Helping yourself while serving two masters: do specialists violate rule 10B-5 when they interposition?

AuthorAsudulayev, Roman

ABSTRACT

The decision of the Second Circuit in United States v. Finnerty (Finnerty III) was the culmination of a number of District Court decisions that found that specialists on the New York Stock Exchange (NYSE) could not be held liable for fraud under Rule 10b-5 for interpositioning, whereby they put themselves between buy and sell limit orders, in violation of NYSE rules, and profited on the spread. Finnerty III and its District Court sibling decisions were wrongly decided. Specialists presented a uniquely thorny issue of agency law to the Federal Courts in New York. This issue was under-analyzed by the Federal Prosecutors and left the courts without a coherent theory of fiduciary duty for specialists. This Note will demonstrate that there is a fiduciary relationship between specialists and their public customers and will untangle that relationship to show that it prohibits interpositioning and that interpositioning was fraud under Rule 10b-5.

Introduction I. The Legal Background of Interpositioning and Some Economics A. Specialists B. Interpositioning C. Rule 10b-5 and Fraud D. Some Possible Analogies to Interpositioning 1. Trading Ahead 2. Insider Trading E. The Fiduciary Duties of Specialists 1. Establishing Fiduciary Duty 2. Fiduciary Duties F. Economic Terminology and a Dose of Legal Realism: Arbitrage and Rent II. The Conflict: The Courts' and the Government's Analyses of Interpositioning and Fraud A. The Logic of the Courts B. The Counter-Argument III. Who's Right? A. Economic Analysis for Legal Realism B. Mistakes in the Law and a Fact: Fiduciary Duty, Fraud, and Rule 10b-5 C. And All of the Analogies: Insider Trading and Trading Ahead D. Of Missing Steps and Synthesis Conclusion INTRODUCTION

With increasing public furor over the actions of various financial institutions, (1) it is easy to forget that apparent fraud in finance can create tricky legal issues. In 2005, federal prosecutors charged fifteen broker-dealers on the New York Stock Exchange, called "specialists," (2) with fraudulent trading. (3) The gist of the charge was that the specialists took advantage of trade requests that clients had sent to them. (4) Although specialists are allowed to trade on their own accounts, "when a buy order comes in at a higher price than a sell order, the specialist's duty is to match the customers rather than profit from the spread." (5) The practice of profiting from the spread is called "interpositioning." (6) Between 2005 and 2008, the Federal Prosecutor for the Southern District of New York began fifteen prosecutions. (7) All fifteen failed ignominiously (8): seven were dropped voluntarily; two ended in acquittal; (9) two guilty pleas were set aside; the government dropped a case against a fugitive; (10) two had their convictions overturned by the Second Circuit Court of Appeals; (11) and one individual, David Finnerty, had his conviction set aside by the District Court, and the Second Circuit upheld the decision. (12) Apparently, the government is quite unaccustomed to losing cases, (13) fifteen especially. How did this fiasco occur?

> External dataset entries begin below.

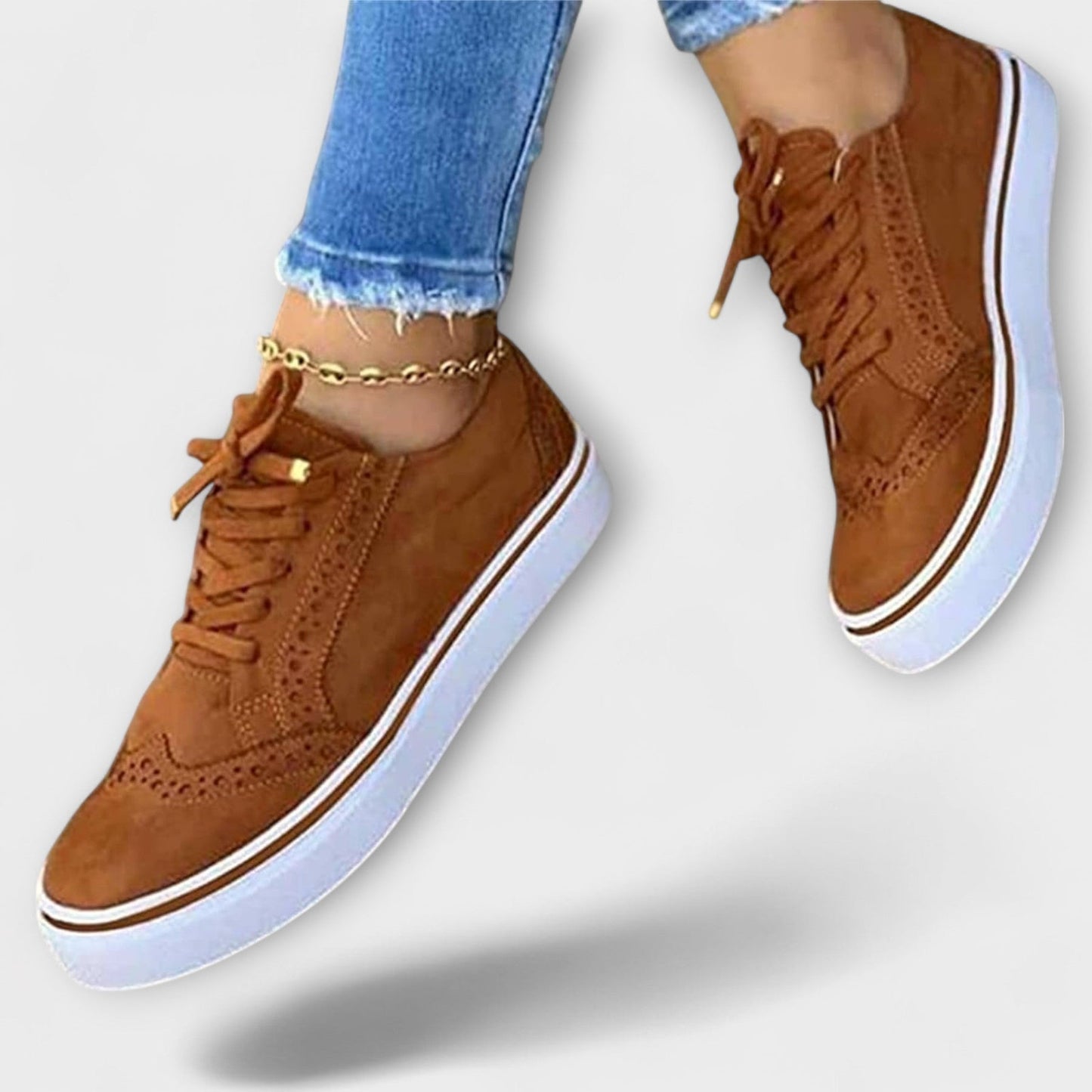 Michie | Platform Lace Up Brogue Style Trainers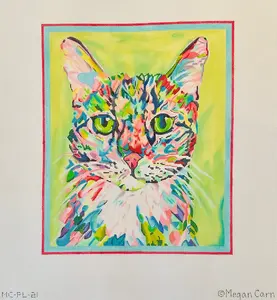 Kate Dickerson Megan Carn Watercolor Calico Cat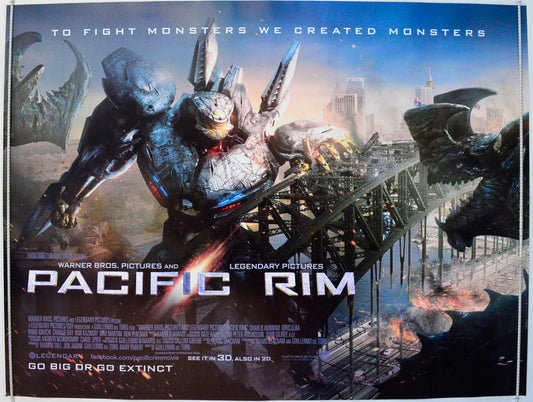 Pacific Rim Original British Quad Poster - Film Poster - Movie Poster 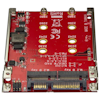 A product image of Startech Dual M.2 to SATA Adapter - M.2 Adapter for 2.5" Bay - RAID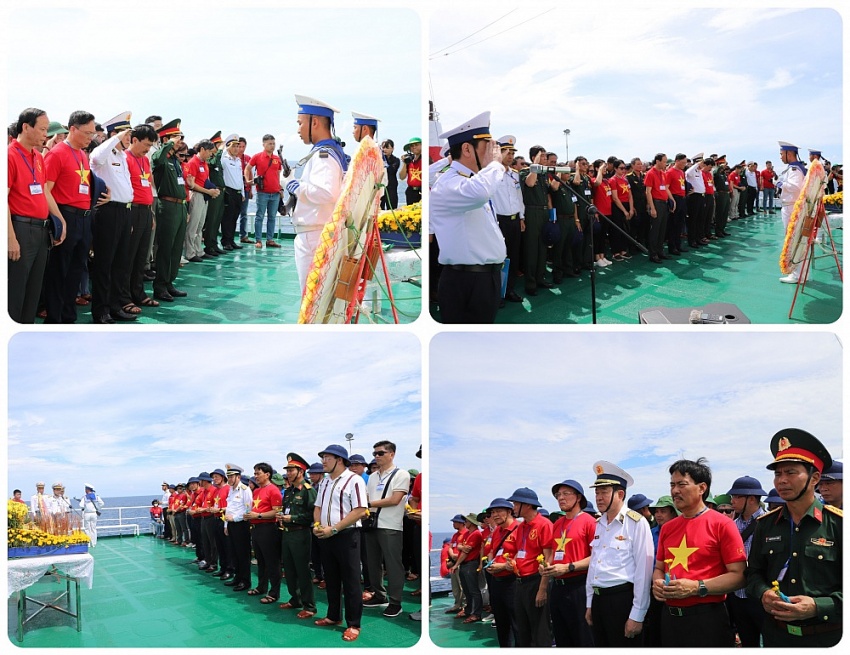 Kỳ 2: Xúc động lễ tưởng niệm các Anh hùng liệt sĩ hy sinh vì sự nghiệp bảo vệ chủ quyền biển đảo Trường Sa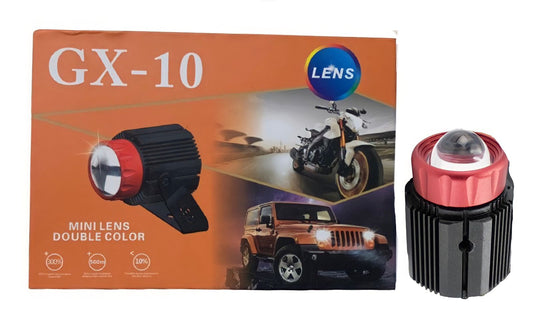 GX-10®️ MINI LENS DOBLE-COLOR BOMBILLA LED DE ALTA POTENCIA PARA COCHE PASAJERO Y MOTOCICLETAS - M9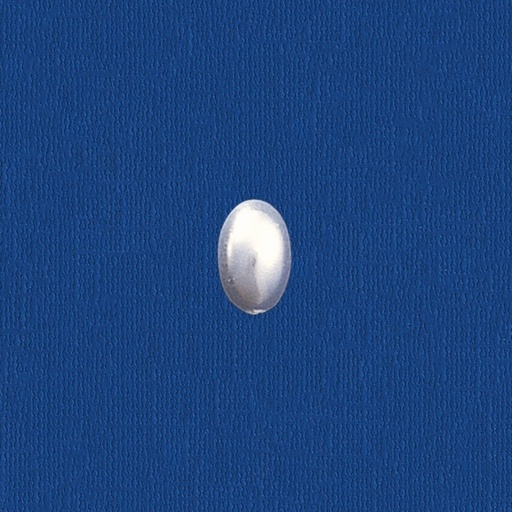 [435060600] Perla ovalada base plana 4x6mm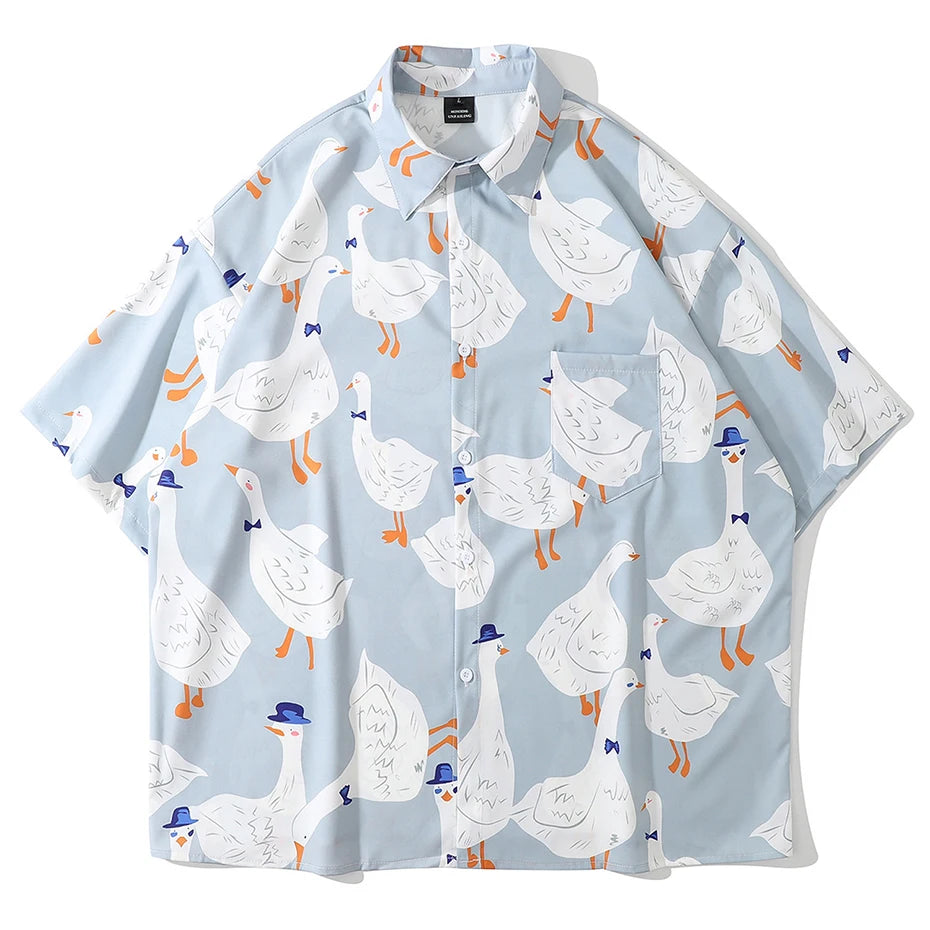 Y2K Graphic Oversized Shirt — back view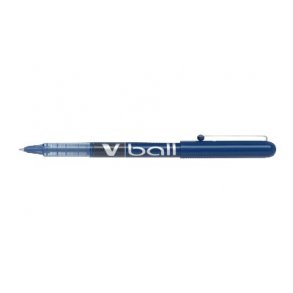 Ballpen Pilot V ball sort, 0,5 - 12 stk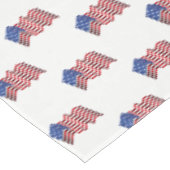Tableclout 4. Juli Patriotische Flagge Tischdecke (Schrägansicht)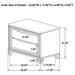 Marmore 4 & 5 Pc E.king, Cal.king, & Queen Bedroom Set - Bargain Furniture (Detroit, MI)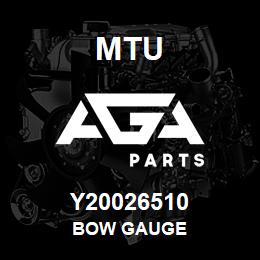 Y20026510 MTU BOW GAUGE | AGA Parts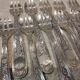11 silver-plated oyster forks by Christofle Villeroy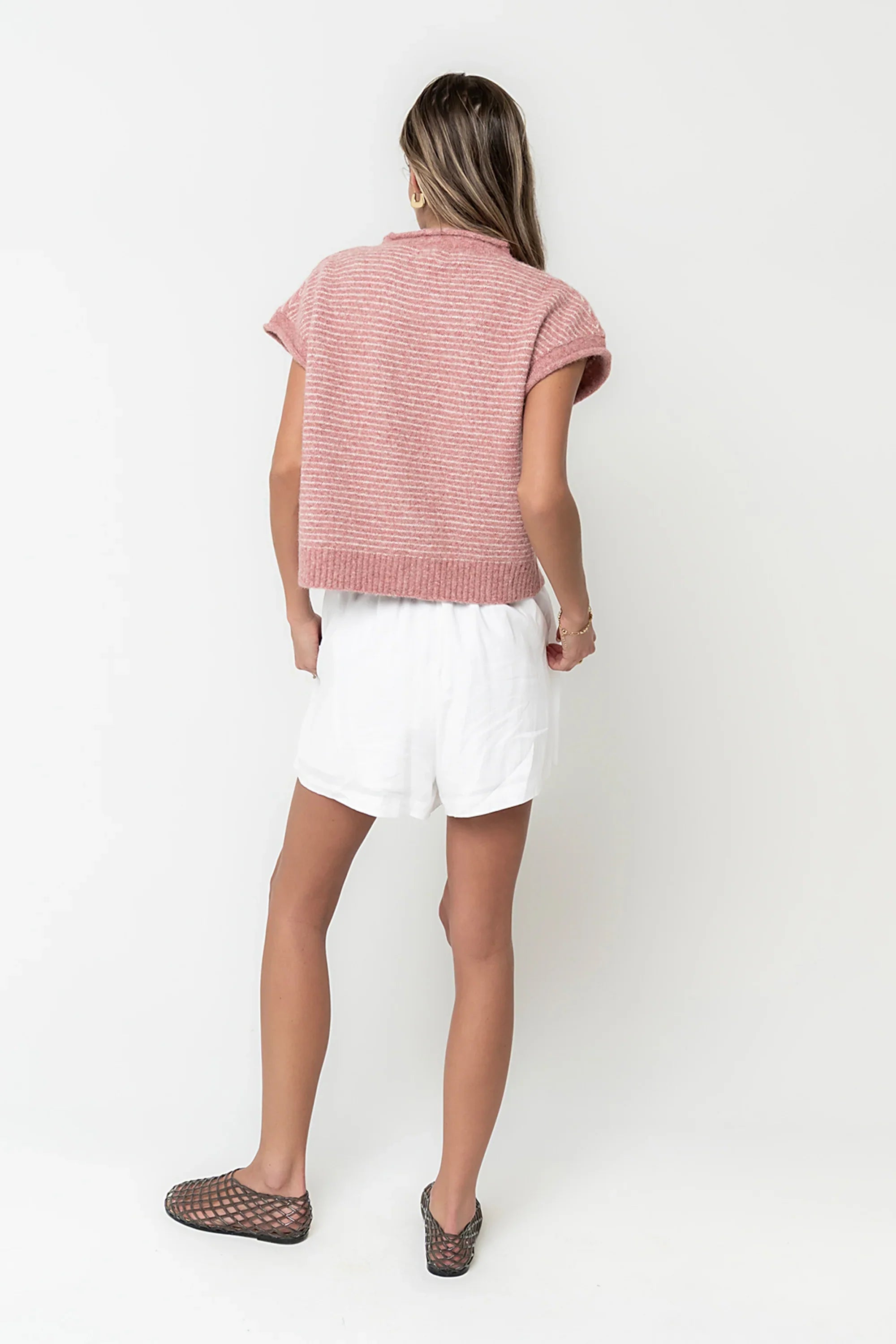 Percey Knit Cardigan in Pink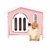 Casa Para Perro Chico 100 Impermeable Y Térmica Con Puerta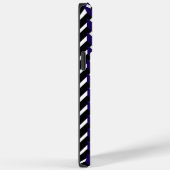 Blauw Witte Moderne Chevron Patroon Case-Mate iPhone Case (Achterkant / Rechts)
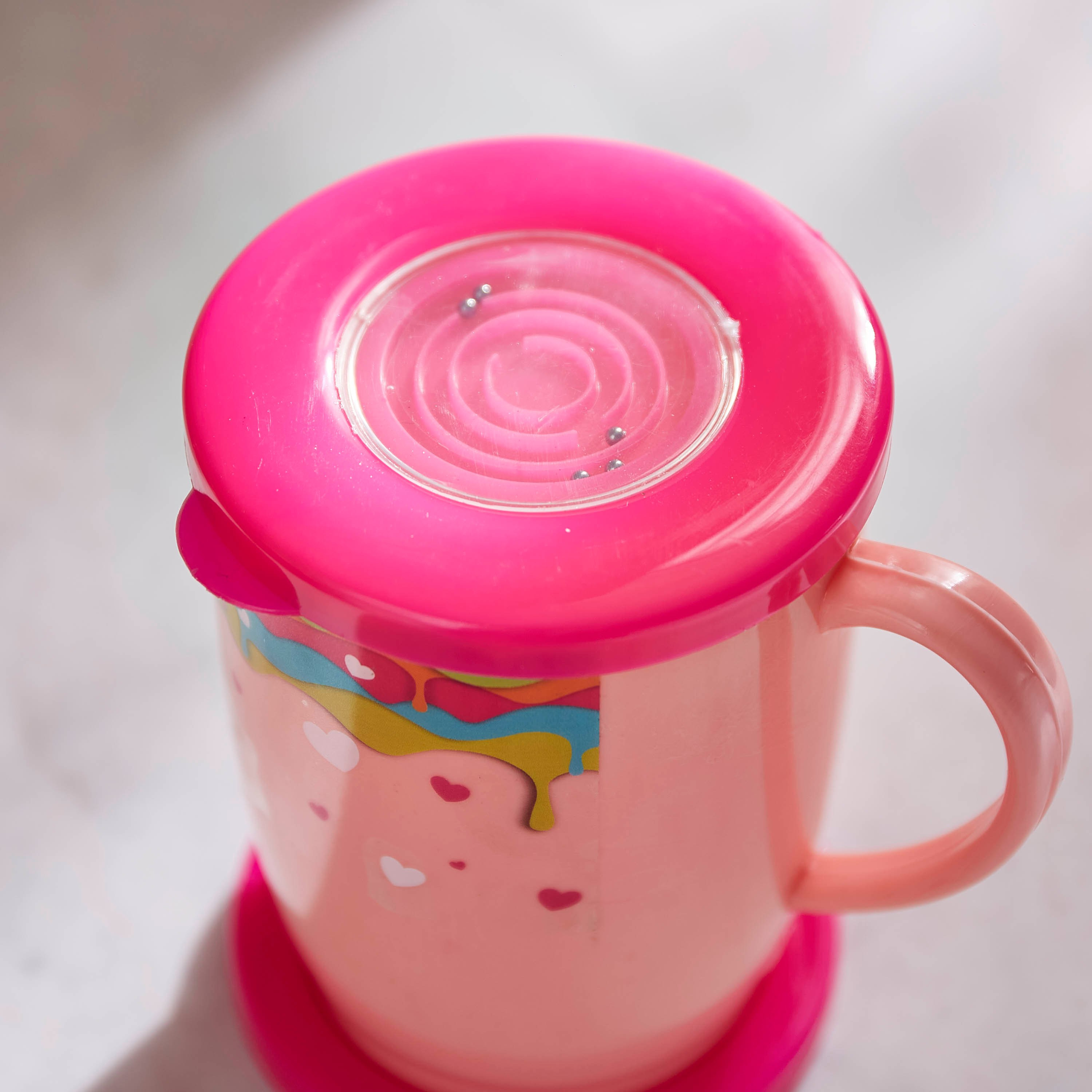 Heart Garland Playmaker Mug with Lid and Coaster - 350 ml-hbxhomeware-hbxkidsandyouth-image-3
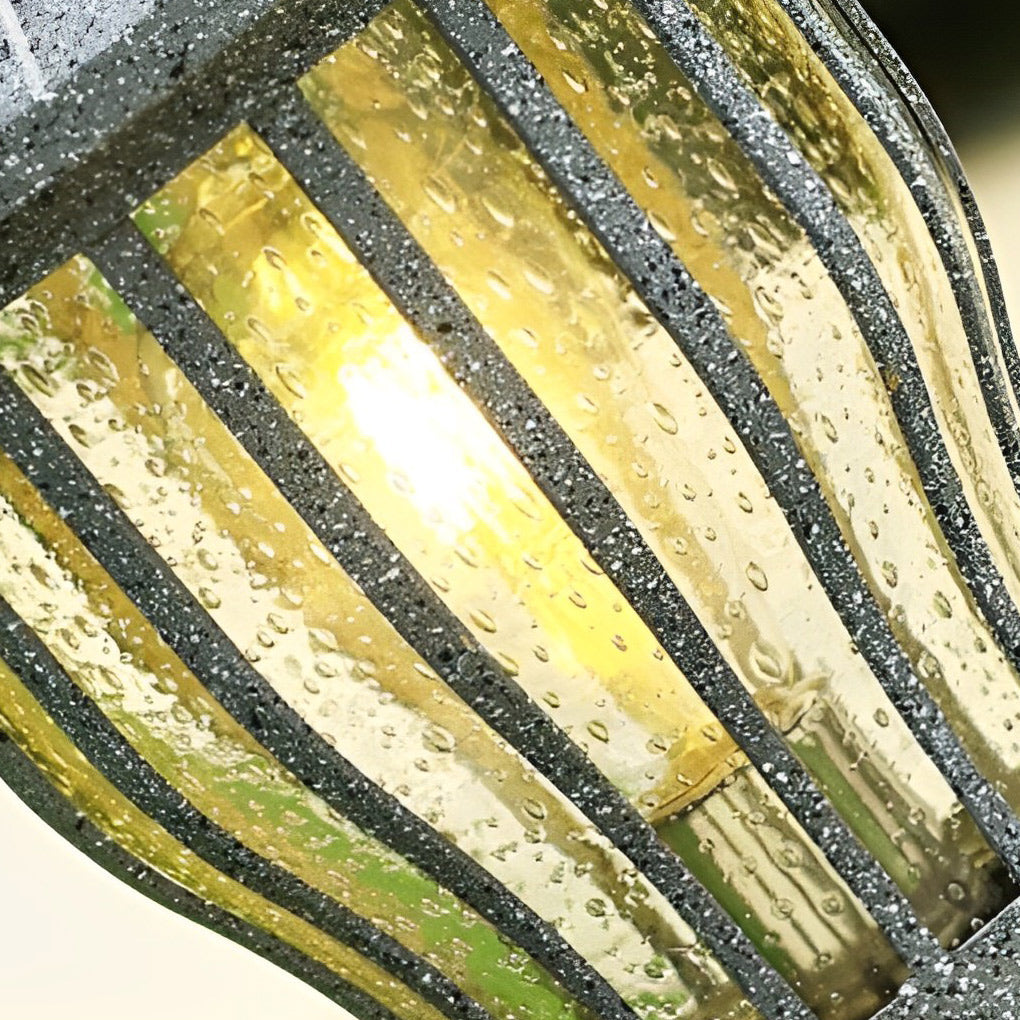 Vintage-Style Hardwired Caged Aluminum Pathway Light for Outdoors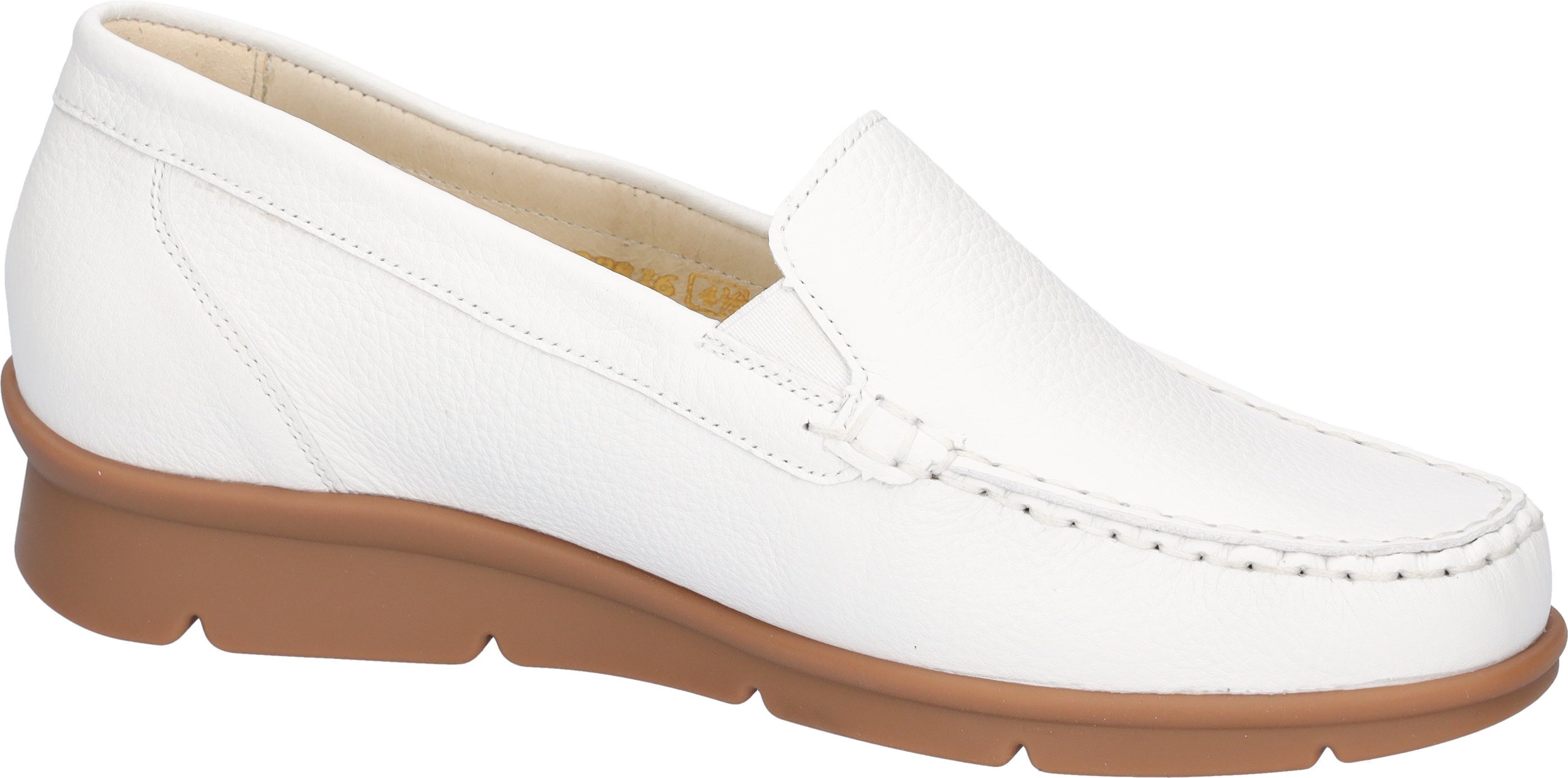 Waldläufer Mocassins HOXY Sleehak, lage schoen, comfort schoen in extra brede schoenmaat K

This Note will shed light on the operation of the NYSE, discuss the prosecutions, and explore the difficult legal questions they presented--questions that arguably have been left unanswered. Part I of this Note introduces the reader to the NYSE and its specialists, explains interpositioning, discusses the background law that relates to specialists--SEC Rule 10b-5, (14) fraud, and fiduciary duty--and explains some economic terminology that will later help put the role of specialists and interpositioning into perspective, and to consider this area of law from a more Legal Realist perspective.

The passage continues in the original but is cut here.